TASK TO COMPLETE: In the records below, reproduce exactly the lines from the one containing "In our previous" through the one containing "I was able to", both included, and omit the pictures.

PROVIDED DATA:
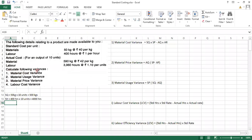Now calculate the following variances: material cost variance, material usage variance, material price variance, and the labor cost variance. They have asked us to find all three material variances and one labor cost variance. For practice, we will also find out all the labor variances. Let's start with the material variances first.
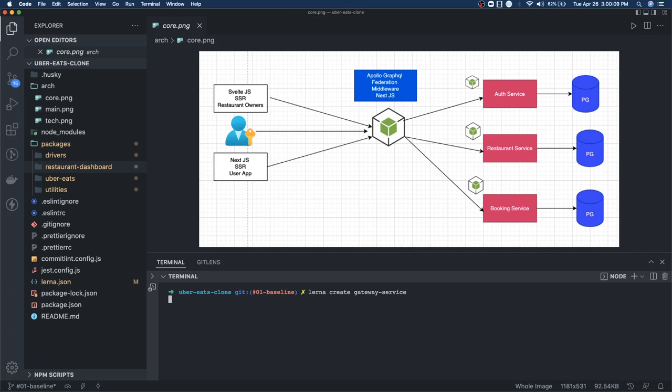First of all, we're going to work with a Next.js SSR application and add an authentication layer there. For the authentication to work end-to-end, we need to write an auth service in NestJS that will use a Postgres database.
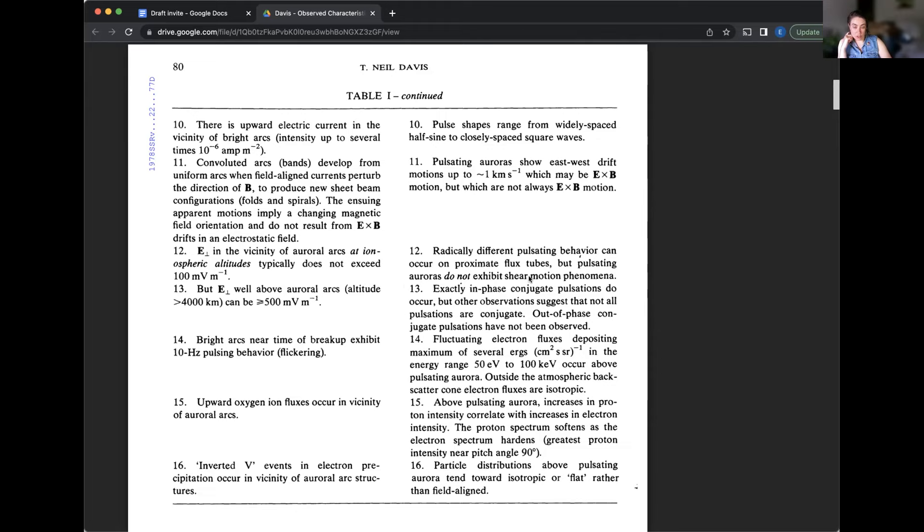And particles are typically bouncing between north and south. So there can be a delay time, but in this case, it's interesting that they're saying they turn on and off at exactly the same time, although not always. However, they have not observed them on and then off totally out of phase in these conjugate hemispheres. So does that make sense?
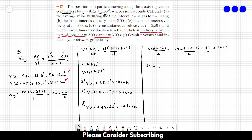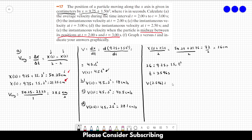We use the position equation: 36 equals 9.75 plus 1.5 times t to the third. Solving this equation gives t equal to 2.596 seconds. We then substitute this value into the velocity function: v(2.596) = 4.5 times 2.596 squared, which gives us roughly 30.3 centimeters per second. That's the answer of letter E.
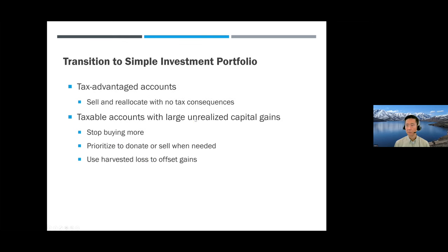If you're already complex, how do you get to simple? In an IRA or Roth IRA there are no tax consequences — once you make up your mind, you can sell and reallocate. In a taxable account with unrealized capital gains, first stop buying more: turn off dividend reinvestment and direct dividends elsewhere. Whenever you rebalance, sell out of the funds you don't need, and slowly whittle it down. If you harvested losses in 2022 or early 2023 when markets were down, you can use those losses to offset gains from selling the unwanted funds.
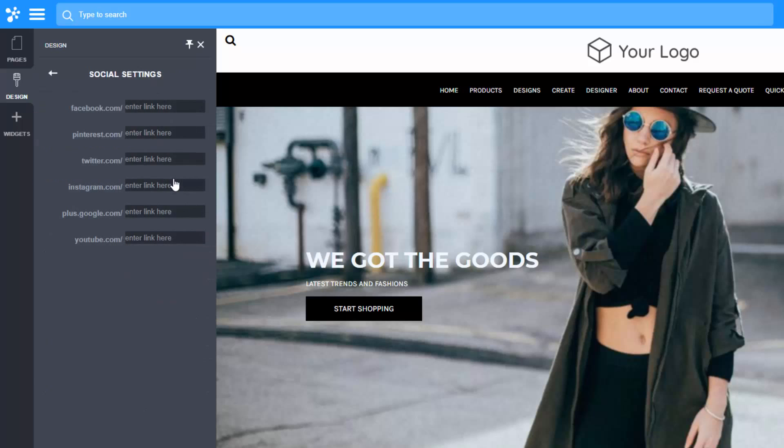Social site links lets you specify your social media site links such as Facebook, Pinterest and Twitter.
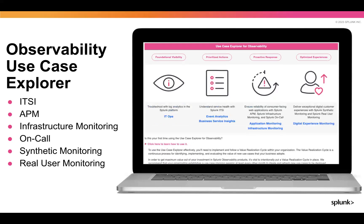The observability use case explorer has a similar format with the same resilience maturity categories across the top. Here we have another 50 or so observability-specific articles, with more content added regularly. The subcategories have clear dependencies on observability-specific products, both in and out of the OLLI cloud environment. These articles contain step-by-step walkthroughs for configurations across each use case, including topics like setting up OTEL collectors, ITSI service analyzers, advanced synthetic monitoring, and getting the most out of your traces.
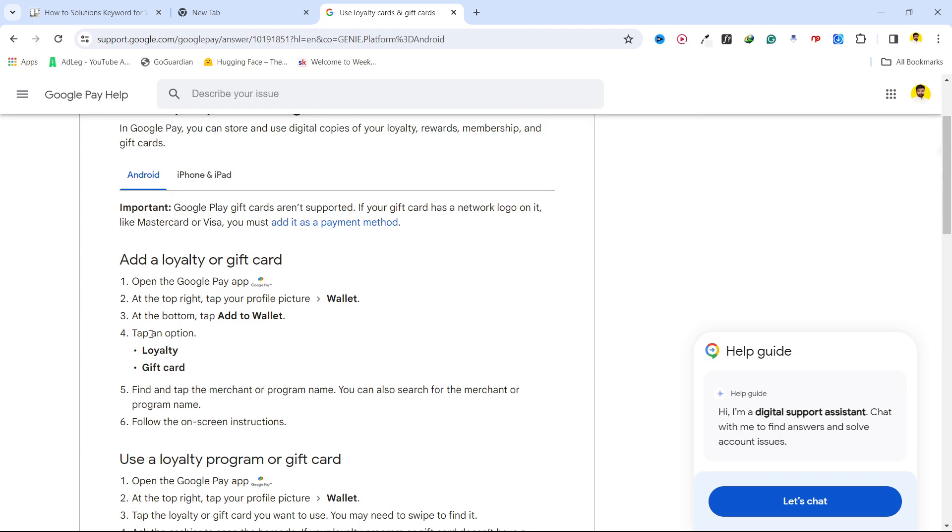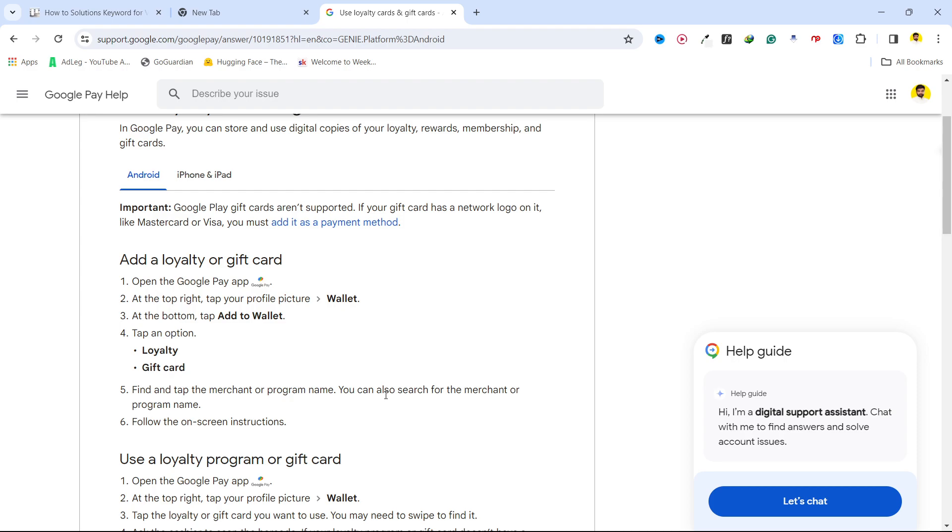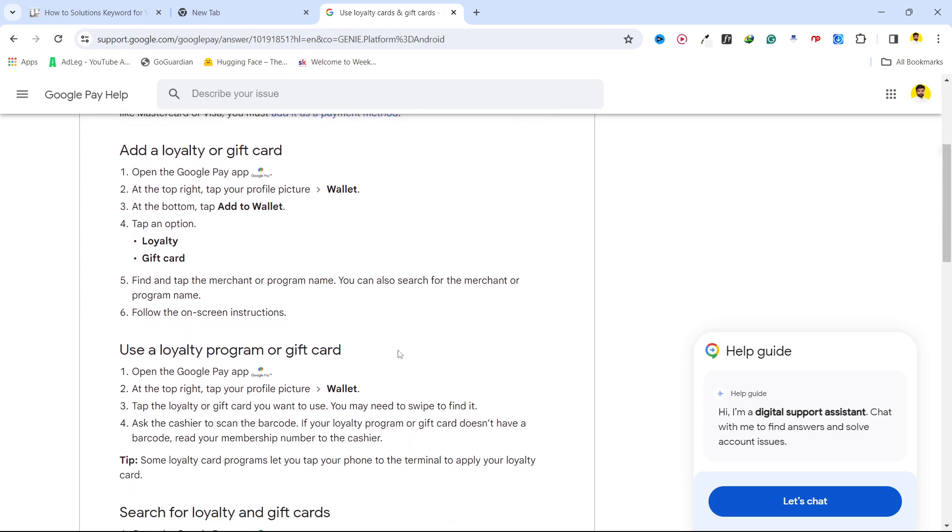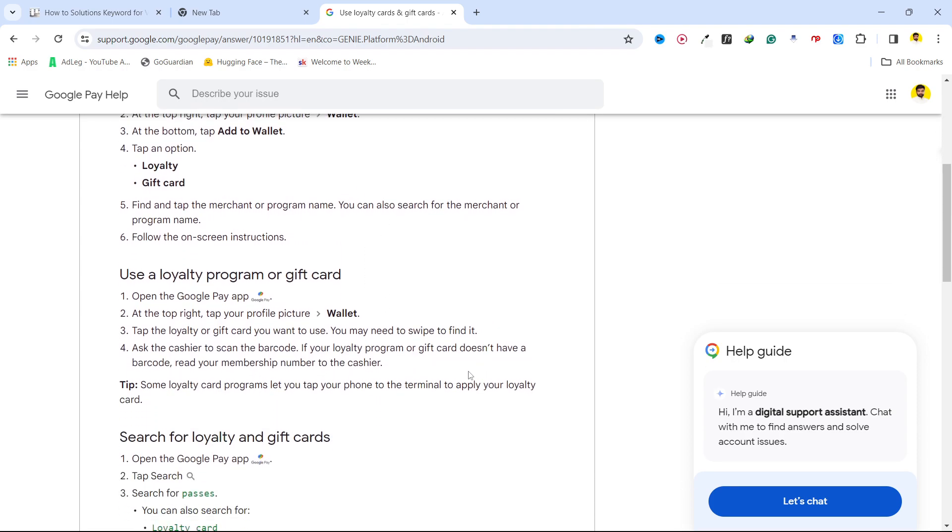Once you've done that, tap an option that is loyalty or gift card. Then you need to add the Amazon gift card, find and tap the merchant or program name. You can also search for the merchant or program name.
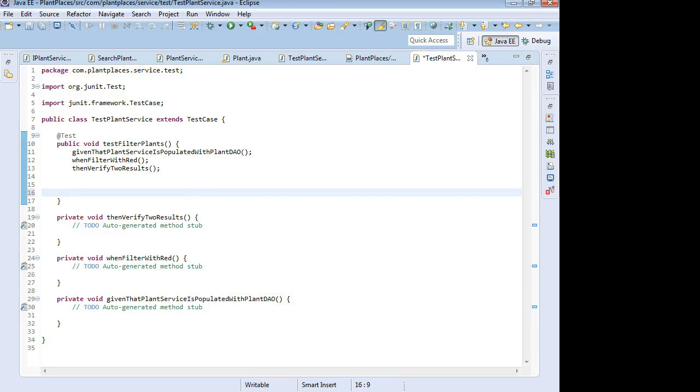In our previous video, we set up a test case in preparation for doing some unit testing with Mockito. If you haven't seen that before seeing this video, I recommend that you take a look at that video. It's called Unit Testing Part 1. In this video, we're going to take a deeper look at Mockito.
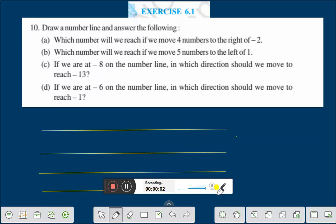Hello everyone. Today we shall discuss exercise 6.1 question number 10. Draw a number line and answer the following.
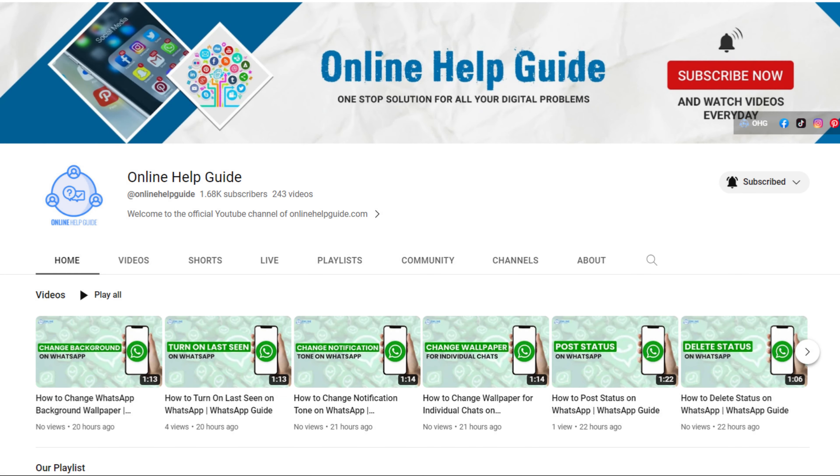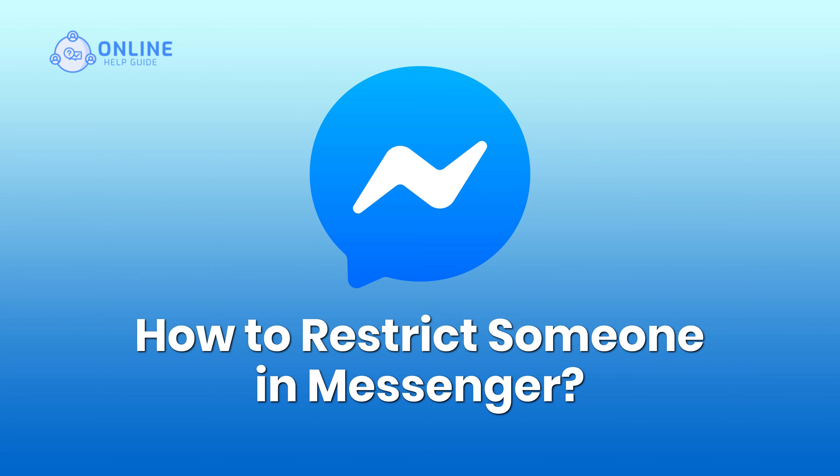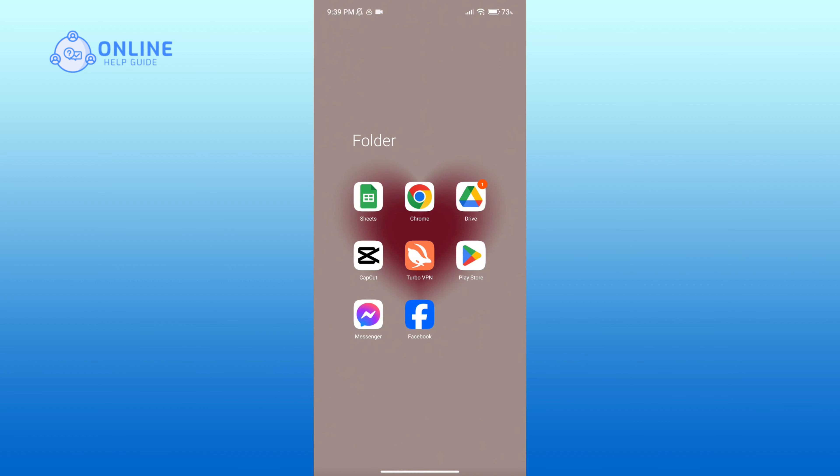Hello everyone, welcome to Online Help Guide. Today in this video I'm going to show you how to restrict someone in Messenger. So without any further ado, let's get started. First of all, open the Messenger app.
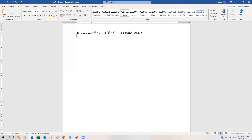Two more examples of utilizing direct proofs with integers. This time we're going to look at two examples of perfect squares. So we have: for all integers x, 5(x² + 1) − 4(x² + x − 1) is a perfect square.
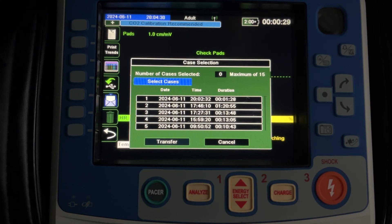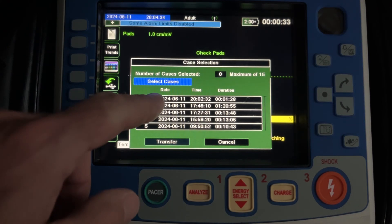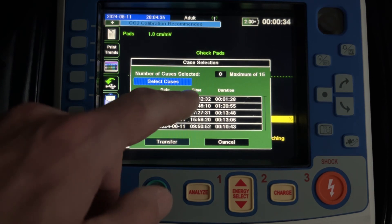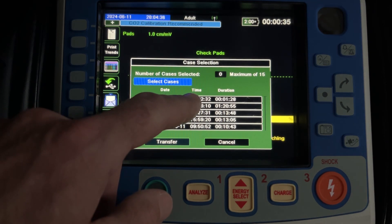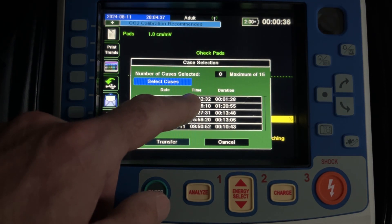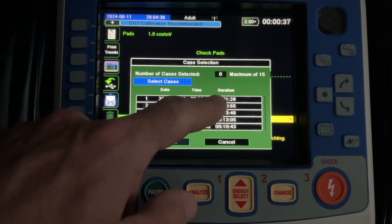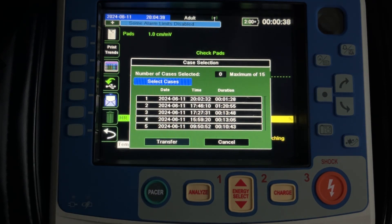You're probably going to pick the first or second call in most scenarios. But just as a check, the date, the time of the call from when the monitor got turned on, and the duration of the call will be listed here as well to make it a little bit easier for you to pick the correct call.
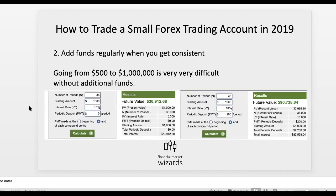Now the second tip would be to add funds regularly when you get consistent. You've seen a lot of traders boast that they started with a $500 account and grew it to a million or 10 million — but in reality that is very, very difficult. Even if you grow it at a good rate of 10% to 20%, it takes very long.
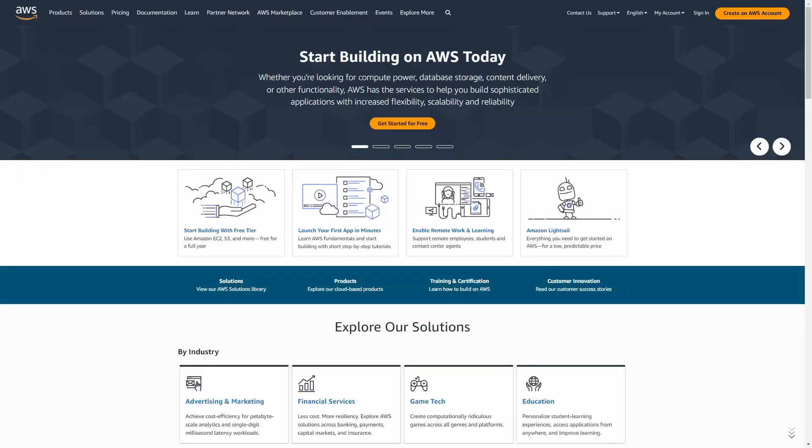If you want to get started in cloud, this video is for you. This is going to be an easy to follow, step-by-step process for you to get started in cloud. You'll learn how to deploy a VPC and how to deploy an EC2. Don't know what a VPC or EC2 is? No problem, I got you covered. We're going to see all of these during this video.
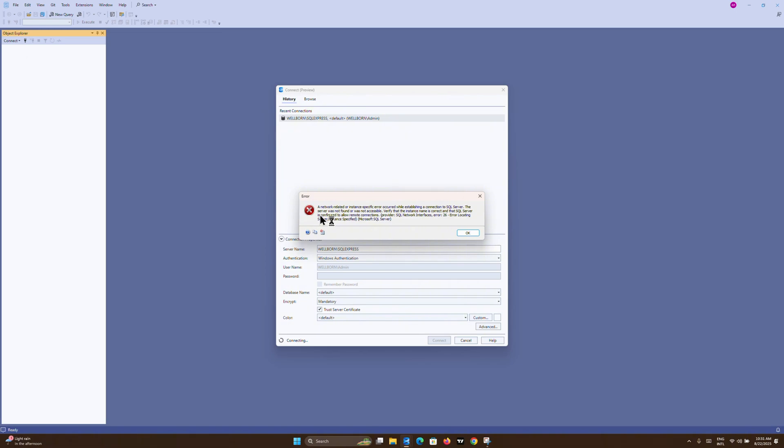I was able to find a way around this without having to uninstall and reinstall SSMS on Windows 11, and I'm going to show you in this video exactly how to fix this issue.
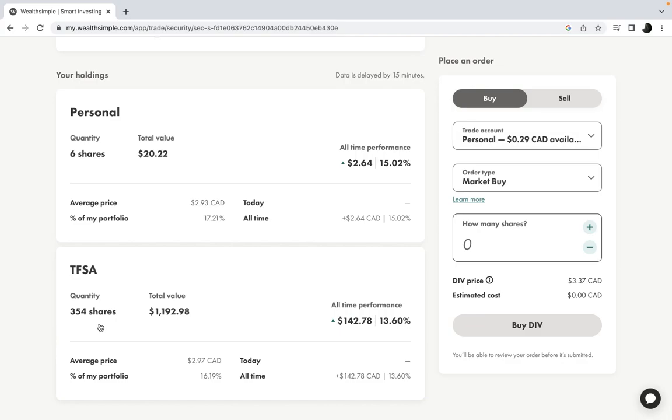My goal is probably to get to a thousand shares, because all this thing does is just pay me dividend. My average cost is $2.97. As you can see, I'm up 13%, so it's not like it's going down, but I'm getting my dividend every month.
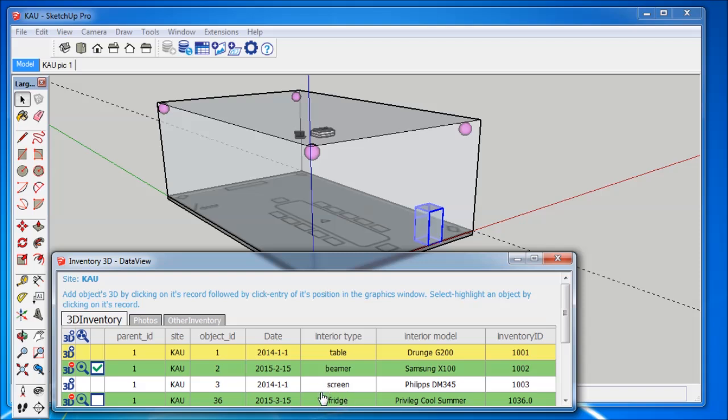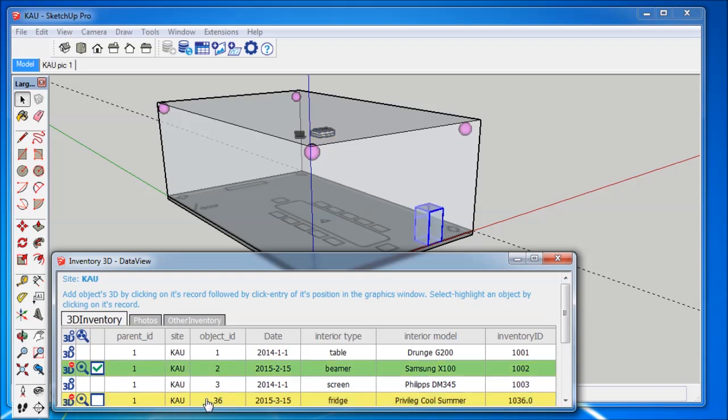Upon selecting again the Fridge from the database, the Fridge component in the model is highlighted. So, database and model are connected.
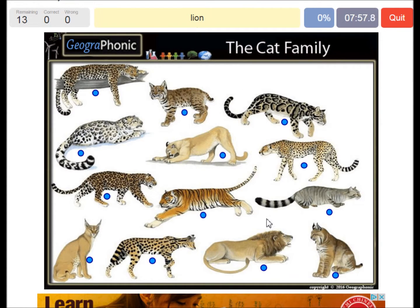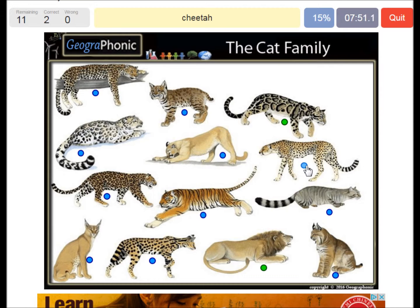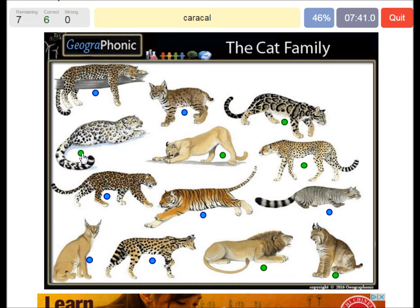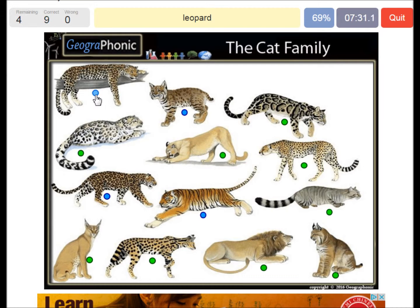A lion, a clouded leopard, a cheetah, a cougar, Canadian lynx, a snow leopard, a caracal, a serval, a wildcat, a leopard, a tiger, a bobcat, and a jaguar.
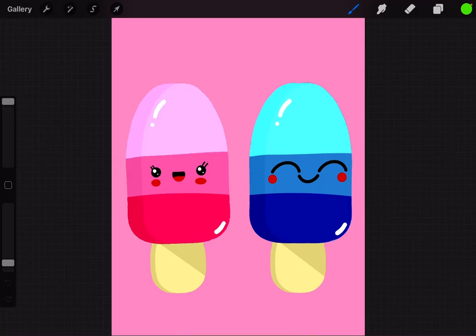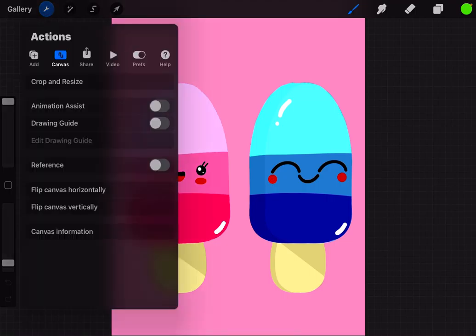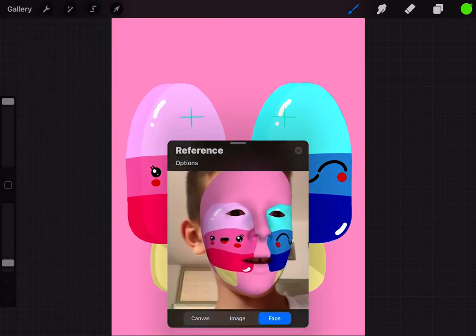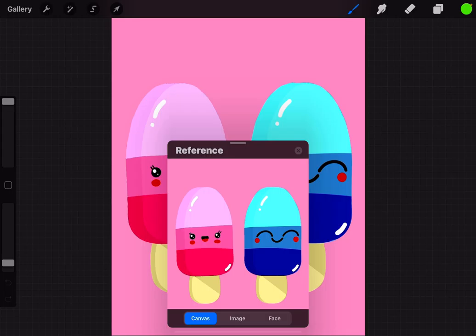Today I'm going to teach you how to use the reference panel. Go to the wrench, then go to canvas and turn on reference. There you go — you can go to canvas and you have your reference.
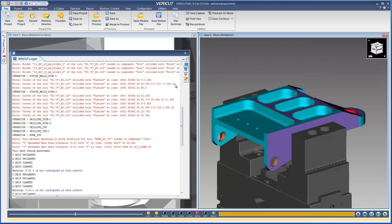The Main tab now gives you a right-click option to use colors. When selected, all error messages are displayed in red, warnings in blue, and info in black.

EXERCISE RESPONSE:
In our previous video, we set up a test case in preparation for doing some unit testing with Mockito. If you haven't seen that before seeing this video, I recommend that you take a look at that video. It's called Unit Testing Part 1. In this video, we're going to take a deeper look at Mockito.
Hello everyone. Today we shall discuss exercise 6.1 question number 10. Draw a number line and answer the following.
Hello everyone, welcome to Online Help Guide. Today in this video I'm going to show you how to restrict someone in Messenger. So without any further ado, let's get started. First of all, open the Messenger app.
Two more examples of utilizing direct proofs with integers. This time we're going to look at two examples of perfect squares. So we have: for all integers x, 5(x² + 1) − 4(x² + x − 1) is a perfect square.
You're probably going to pick the first or second call in most scenarios. But just as a check, the date, the time of the call from when the monitor got turned on, and the duration of the call will be listed here as well to make it a little bit easier for you to pick the correct call.
Now the second tip would be to add funds regularly when you get consistent. You've seen a lot of traders boast that they started with a $500 account and grew it to a million or 10 million — but in reality that is very, very difficult. Even if you grow it at a good rate of 10% to 20%, it takes very long.
If you want to get started in cloud, this video is for you. This is going to be an easy to follow, step-by-step process for you to get started in cloud. You'll learn how to deploy a VPC and how to deploy an EC2. Don't know what a VPC or EC2 is? No problem, I got you covered. We're going to see all of these during this video.
I was able to find a way around this without having to uninstall and reinstall SSMS on Windows 11, and I'm going to show you in this video exactly how to fix this issue.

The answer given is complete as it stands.